Multiple Grok patterns help

Zorkmid · August 31, 2021, 10:15pm

Hi All,
I'm doing something wrong with the following. The goal is parse 5 basic events from a PulseSecure VPN syslog feed. Is the following the correct??

filter {
    if "PulseSecure" in [message] {

         grok {
            match => {

            "message" => [
                        “%{SYSLOGBASE} %{TIMESTAMP_ISO8601:timestamp} - %{WORD:IVE} - \[%{IP:ClientIP}\] (?<UserID>[^(]*)(?<VpnProfile>(.*?))\[(?<Realm>(.*?))\] - %{GREEDYDATA:message}”,
                        “%{SYSLOGBASE} %{TIMESTAMP_ISO8601:timestamp} - %{WORD:IVE} - \[%{IP:ClientIP}\] (?<UserID>[^(]*)(?<VpnProfile>(.*?))\[(?<Realm>(.*?))\] - %{GREEDYDATA:message} (?<AssignedIP>((?:[0-9]{1,3}\.){3}[0-9]{1,3})\s)”,
                        “%{SYSLOGBASE} %{TIMESTAMP_ISO8601:timestamp} - %{WORD:IVE} - \[%{IP:ClientIP}\] (?<UserID>[^(]*)(?<VpnProfile>(.*?))\[(?<Realm>(.*?))\] - (?<ERROR_MSG>(.*?)\)\.) %{GREEDYDATA:message}\#”,
                        “%{SYSLOGBASE} %{TIMESTAMP_ISO8601:timestamp} - %{WORD:IVE} - \[%{IP:ClientIP}\] (?<UserID>[^(]*)(?<VpnProfile>(.*?))\[(?<Realm>(.*?))\] - (?<SSL_Failure>SSL (.*?))\. %{GREEDYDATA:message}\#”,
                        “%{SYSLOGBASE} %{TIMESTAMP_ISO8601:timestamp} - %{WORD:IVE} - \[%{IP:ClientIP}\] (?<UserID>[^(]*)(?<VpnProfile>(.*?))\[(?<Realm>(.*?))\] - CRL(?<CRL>(.*?))\s\'CN\=(?<UserName>(.*?))\,\sOU\=(?<OrgName>(.*?))\,\s%{GREEDYDATA:message}”
                        ]
                 }
          }
    }
}

Regards
TimW

Badger · August 31, 2021, 11:54pm

No. You need to match the most specific pattern first, then get gradually less specific. In your case the first pattern will match every time.
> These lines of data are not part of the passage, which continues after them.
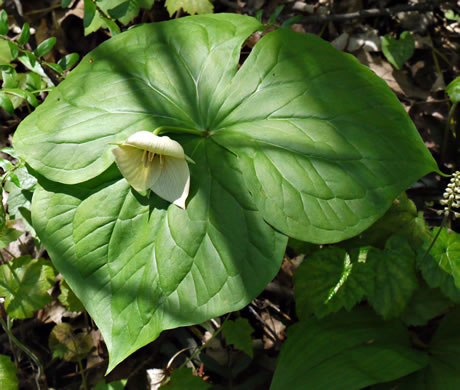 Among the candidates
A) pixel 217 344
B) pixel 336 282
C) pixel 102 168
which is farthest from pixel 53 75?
pixel 336 282

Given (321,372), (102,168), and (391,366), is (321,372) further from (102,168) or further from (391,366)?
(102,168)

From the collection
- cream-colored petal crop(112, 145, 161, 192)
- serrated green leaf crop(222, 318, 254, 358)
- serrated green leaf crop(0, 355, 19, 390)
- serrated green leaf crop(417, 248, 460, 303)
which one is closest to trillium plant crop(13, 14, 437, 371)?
cream-colored petal crop(112, 145, 161, 192)

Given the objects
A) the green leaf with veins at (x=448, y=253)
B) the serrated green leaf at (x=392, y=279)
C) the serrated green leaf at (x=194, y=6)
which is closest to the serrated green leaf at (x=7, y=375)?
the serrated green leaf at (x=392, y=279)

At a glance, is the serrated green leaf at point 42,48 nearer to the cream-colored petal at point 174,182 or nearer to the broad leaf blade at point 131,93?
the broad leaf blade at point 131,93

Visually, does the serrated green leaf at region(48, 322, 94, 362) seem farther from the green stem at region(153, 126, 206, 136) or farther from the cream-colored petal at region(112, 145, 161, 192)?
the green stem at region(153, 126, 206, 136)

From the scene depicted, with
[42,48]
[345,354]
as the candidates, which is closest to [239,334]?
[345,354] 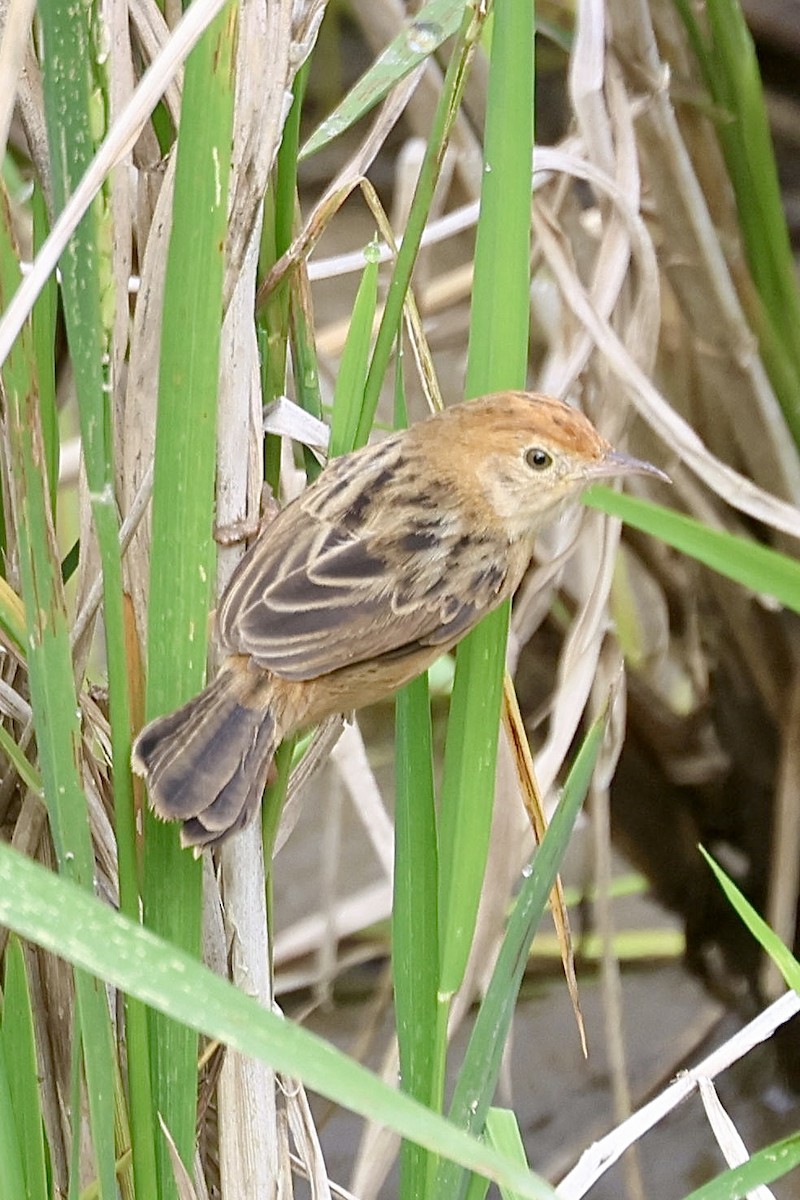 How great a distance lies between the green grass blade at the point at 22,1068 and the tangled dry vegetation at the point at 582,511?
0.57 ft

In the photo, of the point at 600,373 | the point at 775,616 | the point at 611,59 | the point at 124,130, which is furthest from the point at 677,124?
the point at 124,130

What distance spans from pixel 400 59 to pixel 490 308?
0.26 meters

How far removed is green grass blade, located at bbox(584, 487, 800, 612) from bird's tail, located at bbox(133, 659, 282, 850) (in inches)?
15.7

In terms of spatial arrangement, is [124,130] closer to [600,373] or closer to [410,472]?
[410,472]

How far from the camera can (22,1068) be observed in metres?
1.22

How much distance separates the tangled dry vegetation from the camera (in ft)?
4.14

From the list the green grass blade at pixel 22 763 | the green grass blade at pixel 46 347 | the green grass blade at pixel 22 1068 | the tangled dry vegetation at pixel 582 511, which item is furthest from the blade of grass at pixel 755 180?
the green grass blade at pixel 22 1068

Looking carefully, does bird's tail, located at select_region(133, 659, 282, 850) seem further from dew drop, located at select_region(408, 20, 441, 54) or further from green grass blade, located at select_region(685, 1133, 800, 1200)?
dew drop, located at select_region(408, 20, 441, 54)

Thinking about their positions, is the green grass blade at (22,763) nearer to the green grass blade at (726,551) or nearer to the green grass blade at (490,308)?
the green grass blade at (490,308)

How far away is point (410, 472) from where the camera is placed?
1635 mm

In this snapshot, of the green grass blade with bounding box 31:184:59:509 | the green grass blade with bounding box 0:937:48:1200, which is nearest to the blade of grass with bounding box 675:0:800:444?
the green grass blade with bounding box 31:184:59:509

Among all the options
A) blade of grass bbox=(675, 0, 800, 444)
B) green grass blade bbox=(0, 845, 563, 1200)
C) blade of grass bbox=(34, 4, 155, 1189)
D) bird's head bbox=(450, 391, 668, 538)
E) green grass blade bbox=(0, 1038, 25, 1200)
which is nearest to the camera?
green grass blade bbox=(0, 845, 563, 1200)

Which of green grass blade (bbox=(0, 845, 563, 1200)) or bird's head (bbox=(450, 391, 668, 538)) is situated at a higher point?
bird's head (bbox=(450, 391, 668, 538))

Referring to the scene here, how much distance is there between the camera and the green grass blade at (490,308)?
1.22m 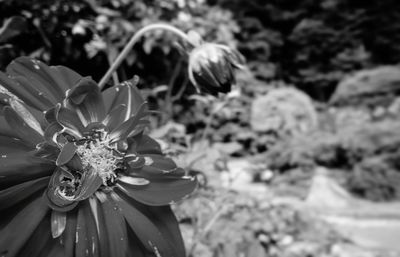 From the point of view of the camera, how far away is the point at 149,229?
374 millimetres

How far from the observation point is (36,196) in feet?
1.14

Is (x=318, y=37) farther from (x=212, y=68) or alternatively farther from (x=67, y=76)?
(x=67, y=76)

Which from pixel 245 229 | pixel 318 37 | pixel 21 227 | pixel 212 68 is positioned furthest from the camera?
pixel 318 37

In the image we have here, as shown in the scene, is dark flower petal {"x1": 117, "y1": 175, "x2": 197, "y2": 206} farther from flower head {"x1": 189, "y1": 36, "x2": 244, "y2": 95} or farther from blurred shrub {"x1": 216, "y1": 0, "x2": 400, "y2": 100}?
blurred shrub {"x1": 216, "y1": 0, "x2": 400, "y2": 100}

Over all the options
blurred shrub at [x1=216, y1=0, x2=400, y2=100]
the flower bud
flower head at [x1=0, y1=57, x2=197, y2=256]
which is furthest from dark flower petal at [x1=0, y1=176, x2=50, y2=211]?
blurred shrub at [x1=216, y1=0, x2=400, y2=100]

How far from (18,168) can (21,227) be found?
0.05m

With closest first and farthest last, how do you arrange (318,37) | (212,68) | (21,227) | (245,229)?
(21,227) < (212,68) < (245,229) < (318,37)

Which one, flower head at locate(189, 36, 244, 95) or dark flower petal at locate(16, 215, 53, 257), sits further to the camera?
flower head at locate(189, 36, 244, 95)

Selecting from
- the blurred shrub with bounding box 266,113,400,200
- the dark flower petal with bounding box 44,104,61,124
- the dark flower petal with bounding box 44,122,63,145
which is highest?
the dark flower petal with bounding box 44,104,61,124

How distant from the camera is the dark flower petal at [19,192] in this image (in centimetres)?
33

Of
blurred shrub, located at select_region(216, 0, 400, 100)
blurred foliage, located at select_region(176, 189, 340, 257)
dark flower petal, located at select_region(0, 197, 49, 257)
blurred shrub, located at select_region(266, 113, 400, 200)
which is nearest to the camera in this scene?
dark flower petal, located at select_region(0, 197, 49, 257)

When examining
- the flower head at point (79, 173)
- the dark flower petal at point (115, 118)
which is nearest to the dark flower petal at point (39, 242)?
the flower head at point (79, 173)

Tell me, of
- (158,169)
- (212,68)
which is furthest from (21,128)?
(212,68)

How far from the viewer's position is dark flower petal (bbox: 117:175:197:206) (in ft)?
1.23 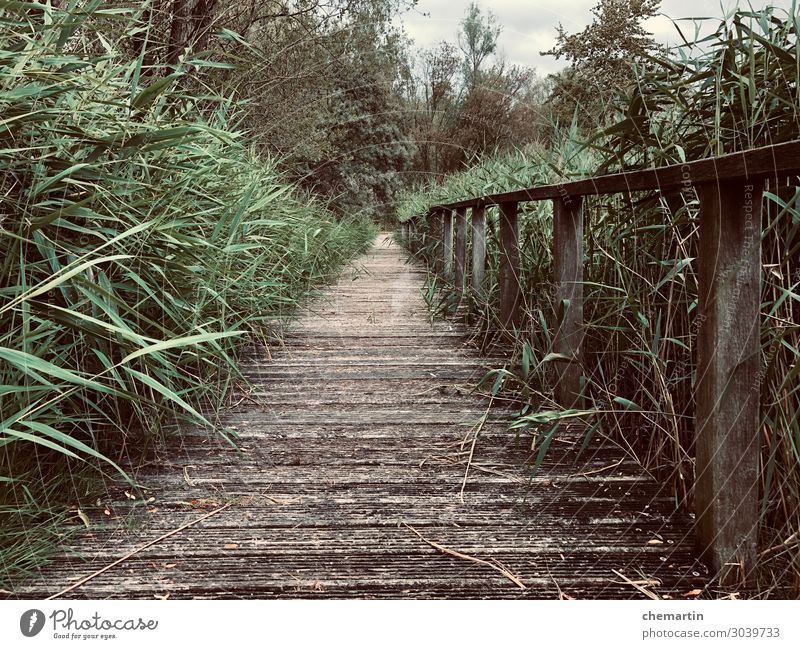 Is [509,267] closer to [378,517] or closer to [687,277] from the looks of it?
[687,277]

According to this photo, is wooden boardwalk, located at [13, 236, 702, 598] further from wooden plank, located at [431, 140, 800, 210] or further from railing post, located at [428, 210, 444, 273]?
railing post, located at [428, 210, 444, 273]

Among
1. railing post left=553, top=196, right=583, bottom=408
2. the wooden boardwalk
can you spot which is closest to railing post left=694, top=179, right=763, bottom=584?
the wooden boardwalk

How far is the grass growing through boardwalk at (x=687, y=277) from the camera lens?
1295mm

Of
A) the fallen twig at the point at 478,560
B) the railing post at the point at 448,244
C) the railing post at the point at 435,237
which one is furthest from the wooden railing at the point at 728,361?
the railing post at the point at 435,237

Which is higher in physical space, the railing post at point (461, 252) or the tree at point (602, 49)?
the tree at point (602, 49)

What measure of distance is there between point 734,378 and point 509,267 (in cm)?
199

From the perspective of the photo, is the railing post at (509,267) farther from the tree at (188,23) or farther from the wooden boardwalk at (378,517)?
the tree at (188,23)

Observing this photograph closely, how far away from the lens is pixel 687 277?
1.72 m

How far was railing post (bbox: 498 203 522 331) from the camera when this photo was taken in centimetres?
317

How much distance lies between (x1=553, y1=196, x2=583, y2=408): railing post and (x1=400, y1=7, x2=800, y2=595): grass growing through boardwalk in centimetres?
6

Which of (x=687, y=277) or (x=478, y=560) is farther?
(x=687, y=277)

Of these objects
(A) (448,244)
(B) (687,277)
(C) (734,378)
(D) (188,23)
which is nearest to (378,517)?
(C) (734,378)

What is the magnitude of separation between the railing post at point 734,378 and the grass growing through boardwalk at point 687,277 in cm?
4

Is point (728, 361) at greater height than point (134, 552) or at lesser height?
greater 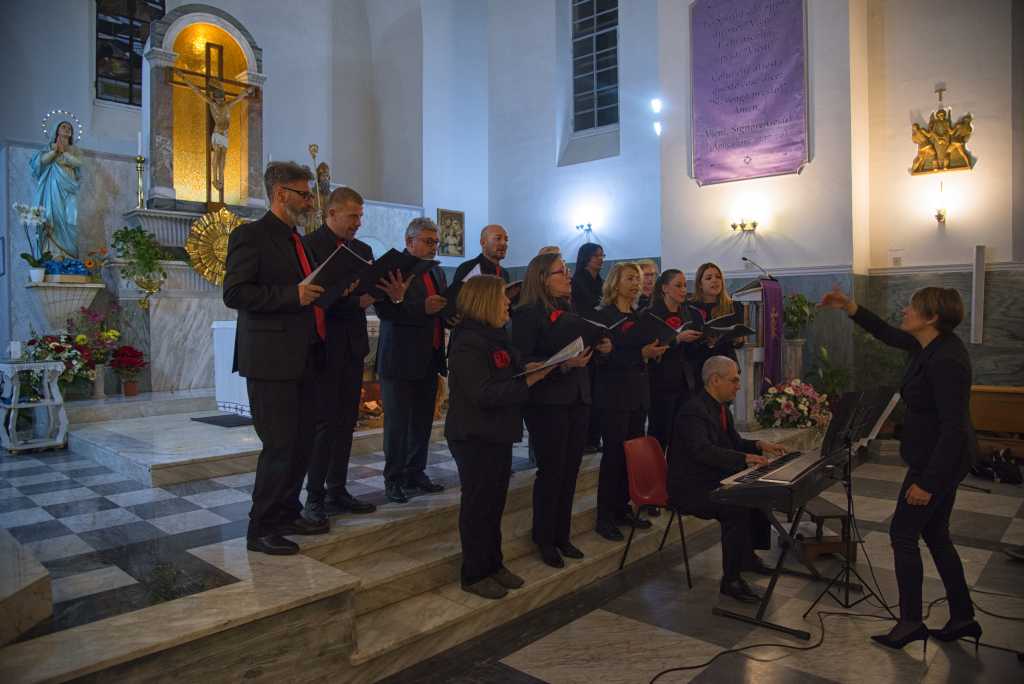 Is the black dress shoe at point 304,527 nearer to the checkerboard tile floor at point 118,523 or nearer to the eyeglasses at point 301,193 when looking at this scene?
the checkerboard tile floor at point 118,523

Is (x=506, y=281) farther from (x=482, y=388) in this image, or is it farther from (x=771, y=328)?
(x=771, y=328)

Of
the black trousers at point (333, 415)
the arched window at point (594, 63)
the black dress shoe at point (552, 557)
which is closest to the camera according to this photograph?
the black trousers at point (333, 415)

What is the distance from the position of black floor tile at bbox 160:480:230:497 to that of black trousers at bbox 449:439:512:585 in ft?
6.64

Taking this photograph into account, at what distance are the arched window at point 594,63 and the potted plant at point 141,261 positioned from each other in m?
7.18

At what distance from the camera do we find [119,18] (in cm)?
1170

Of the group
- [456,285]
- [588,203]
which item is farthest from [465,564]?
[588,203]

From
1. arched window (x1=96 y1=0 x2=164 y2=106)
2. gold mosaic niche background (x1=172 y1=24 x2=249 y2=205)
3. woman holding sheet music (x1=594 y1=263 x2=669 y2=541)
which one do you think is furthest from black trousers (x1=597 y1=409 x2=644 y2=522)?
arched window (x1=96 y1=0 x2=164 y2=106)

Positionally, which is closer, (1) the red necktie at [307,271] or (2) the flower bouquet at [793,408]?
(1) the red necktie at [307,271]

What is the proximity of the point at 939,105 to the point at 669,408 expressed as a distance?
19.6 feet

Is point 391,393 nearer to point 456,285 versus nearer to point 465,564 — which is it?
point 456,285

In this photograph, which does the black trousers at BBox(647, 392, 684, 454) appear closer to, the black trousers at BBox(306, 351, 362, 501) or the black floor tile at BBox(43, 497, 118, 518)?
the black trousers at BBox(306, 351, 362, 501)

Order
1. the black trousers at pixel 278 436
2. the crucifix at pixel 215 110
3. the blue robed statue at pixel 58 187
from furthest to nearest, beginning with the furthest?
the crucifix at pixel 215 110, the blue robed statue at pixel 58 187, the black trousers at pixel 278 436

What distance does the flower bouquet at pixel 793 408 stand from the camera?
7320 mm

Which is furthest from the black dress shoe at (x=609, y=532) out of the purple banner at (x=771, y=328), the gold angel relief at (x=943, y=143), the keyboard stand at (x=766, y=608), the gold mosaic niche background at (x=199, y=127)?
the gold mosaic niche background at (x=199, y=127) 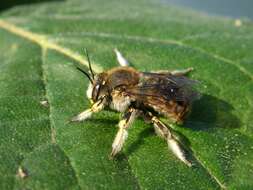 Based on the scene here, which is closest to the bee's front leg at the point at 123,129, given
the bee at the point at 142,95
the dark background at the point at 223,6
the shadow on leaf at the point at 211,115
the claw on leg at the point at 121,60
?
the bee at the point at 142,95

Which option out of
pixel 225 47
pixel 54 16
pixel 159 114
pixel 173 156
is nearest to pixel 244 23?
pixel 225 47

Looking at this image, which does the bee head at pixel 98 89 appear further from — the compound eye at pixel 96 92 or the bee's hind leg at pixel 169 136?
the bee's hind leg at pixel 169 136

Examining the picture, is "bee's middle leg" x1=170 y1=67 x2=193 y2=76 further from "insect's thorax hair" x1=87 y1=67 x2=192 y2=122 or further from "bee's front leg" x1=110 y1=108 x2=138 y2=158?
"bee's front leg" x1=110 y1=108 x2=138 y2=158

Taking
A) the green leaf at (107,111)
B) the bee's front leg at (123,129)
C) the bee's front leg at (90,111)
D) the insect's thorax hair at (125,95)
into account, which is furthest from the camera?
the insect's thorax hair at (125,95)

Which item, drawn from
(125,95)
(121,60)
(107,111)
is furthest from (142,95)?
(121,60)

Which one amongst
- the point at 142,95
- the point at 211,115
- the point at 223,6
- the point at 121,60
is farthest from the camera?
the point at 223,6

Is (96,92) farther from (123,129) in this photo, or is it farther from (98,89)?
(123,129)

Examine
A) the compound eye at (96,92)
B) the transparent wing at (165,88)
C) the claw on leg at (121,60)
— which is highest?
the transparent wing at (165,88)

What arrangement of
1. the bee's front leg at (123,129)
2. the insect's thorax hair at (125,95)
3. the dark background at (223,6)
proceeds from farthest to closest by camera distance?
1. the dark background at (223,6)
2. the insect's thorax hair at (125,95)
3. the bee's front leg at (123,129)
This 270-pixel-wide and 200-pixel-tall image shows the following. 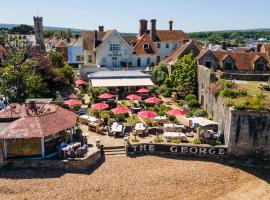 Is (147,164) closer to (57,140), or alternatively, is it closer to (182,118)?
(57,140)

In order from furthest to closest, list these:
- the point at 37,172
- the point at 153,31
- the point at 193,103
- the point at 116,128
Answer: the point at 153,31, the point at 193,103, the point at 116,128, the point at 37,172

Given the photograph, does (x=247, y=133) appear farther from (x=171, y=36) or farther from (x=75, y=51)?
(x=75, y=51)

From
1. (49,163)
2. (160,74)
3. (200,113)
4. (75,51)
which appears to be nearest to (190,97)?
(200,113)

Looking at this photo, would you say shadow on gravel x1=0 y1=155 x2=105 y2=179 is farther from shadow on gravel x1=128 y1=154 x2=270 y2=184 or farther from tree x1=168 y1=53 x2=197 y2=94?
tree x1=168 y1=53 x2=197 y2=94

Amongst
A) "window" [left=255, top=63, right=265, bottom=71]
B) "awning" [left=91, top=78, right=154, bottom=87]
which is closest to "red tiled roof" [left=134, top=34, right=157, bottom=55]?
"awning" [left=91, top=78, right=154, bottom=87]

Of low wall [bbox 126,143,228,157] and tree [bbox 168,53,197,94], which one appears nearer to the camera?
low wall [bbox 126,143,228,157] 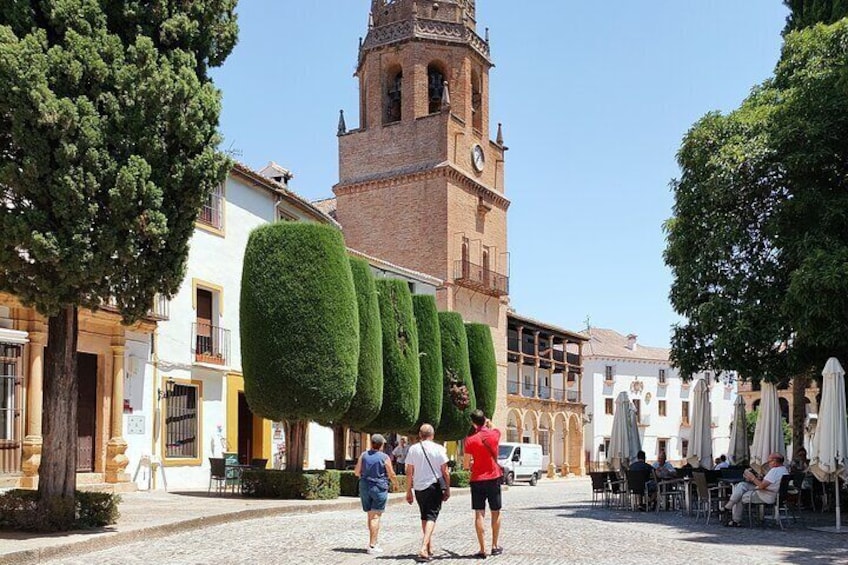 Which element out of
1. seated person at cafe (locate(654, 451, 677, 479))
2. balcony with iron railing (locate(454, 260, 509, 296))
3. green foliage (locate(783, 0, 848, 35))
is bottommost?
seated person at cafe (locate(654, 451, 677, 479))

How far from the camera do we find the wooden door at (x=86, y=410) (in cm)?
2222

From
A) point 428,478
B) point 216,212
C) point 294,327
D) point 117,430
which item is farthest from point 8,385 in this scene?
point 428,478

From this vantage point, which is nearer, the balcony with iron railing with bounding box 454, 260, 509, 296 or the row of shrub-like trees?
the row of shrub-like trees

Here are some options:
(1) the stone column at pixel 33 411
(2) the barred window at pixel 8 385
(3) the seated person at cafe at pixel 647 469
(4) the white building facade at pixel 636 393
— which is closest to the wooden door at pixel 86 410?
(1) the stone column at pixel 33 411

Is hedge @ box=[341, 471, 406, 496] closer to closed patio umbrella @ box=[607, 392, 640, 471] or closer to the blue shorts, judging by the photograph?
closed patio umbrella @ box=[607, 392, 640, 471]

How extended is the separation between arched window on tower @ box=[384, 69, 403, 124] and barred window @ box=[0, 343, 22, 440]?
34.4 meters

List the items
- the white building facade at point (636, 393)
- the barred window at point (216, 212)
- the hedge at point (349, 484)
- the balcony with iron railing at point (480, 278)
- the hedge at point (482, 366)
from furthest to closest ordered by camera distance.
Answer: the white building facade at point (636, 393), the balcony with iron railing at point (480, 278), the hedge at point (482, 366), the barred window at point (216, 212), the hedge at point (349, 484)

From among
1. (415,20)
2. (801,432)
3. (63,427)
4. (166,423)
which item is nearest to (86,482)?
(166,423)

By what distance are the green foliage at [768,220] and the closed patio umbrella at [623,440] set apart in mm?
2327

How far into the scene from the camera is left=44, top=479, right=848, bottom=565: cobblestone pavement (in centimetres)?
1184

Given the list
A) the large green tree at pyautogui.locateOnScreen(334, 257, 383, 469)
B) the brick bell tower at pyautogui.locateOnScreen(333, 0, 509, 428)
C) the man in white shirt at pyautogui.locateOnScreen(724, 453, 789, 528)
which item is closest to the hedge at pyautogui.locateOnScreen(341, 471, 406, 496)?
the large green tree at pyautogui.locateOnScreen(334, 257, 383, 469)

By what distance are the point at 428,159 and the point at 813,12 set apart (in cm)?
2787

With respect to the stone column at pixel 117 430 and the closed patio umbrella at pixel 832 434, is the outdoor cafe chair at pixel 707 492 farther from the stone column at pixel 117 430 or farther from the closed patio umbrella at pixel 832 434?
the stone column at pixel 117 430

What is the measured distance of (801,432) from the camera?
25.0 meters
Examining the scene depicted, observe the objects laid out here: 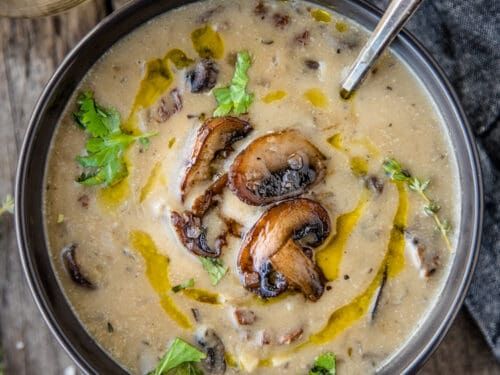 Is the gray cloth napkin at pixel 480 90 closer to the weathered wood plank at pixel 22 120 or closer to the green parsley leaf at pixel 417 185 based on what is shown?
the green parsley leaf at pixel 417 185

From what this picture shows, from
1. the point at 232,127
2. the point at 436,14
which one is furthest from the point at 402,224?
the point at 436,14

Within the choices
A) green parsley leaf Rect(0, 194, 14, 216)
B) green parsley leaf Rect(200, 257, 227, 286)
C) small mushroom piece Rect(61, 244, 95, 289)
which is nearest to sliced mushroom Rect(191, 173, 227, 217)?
green parsley leaf Rect(200, 257, 227, 286)

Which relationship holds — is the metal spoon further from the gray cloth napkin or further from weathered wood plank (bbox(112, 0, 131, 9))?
weathered wood plank (bbox(112, 0, 131, 9))

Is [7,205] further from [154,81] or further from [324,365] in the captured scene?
[324,365]

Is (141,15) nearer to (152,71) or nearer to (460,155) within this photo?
(152,71)

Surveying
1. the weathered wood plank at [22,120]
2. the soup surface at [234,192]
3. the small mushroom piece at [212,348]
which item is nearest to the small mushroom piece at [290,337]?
the soup surface at [234,192] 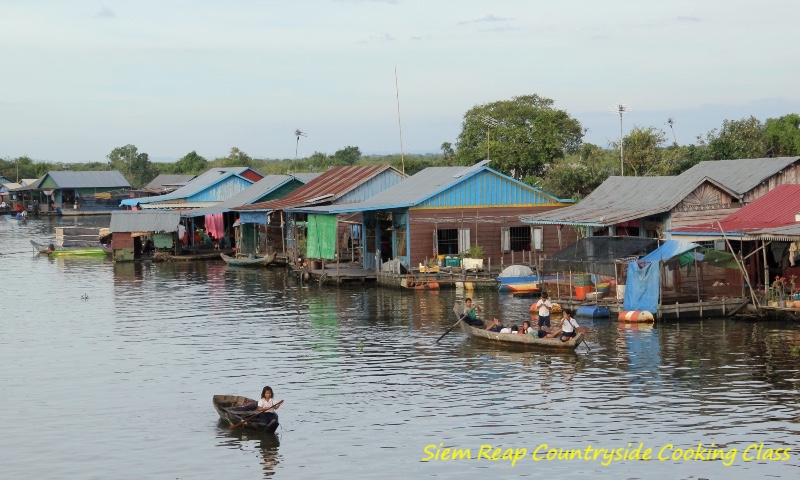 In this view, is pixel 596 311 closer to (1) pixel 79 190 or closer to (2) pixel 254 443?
(2) pixel 254 443

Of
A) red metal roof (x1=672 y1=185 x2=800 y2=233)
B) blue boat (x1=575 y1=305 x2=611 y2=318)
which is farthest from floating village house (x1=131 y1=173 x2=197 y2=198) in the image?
red metal roof (x1=672 y1=185 x2=800 y2=233)

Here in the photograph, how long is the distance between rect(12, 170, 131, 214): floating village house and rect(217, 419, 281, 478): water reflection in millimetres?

I suggest you also read through this post, since you can probably greatly speed up that configuration.

Zorkmid · September 1, 2021, 4:05am

Thanks Badger and understood on the ordering of the patterns.

2nd task is to find out why the above even if reduced to a single pattern causes logstash to error with a config issue. :--)

Badger · September 1, 2021, 5:05am

Perhaps the use of curly quotes. Use double quotes -- "

Zorkmid · September 1, 2021, 3:17pm

oh dear - killed by cut and paste and overly helpful app!!!
Thank you.

system · September 29, 2021, 3:17pm

This topic was automatically closed 28 days after the last reply. New replies are no longer allowed.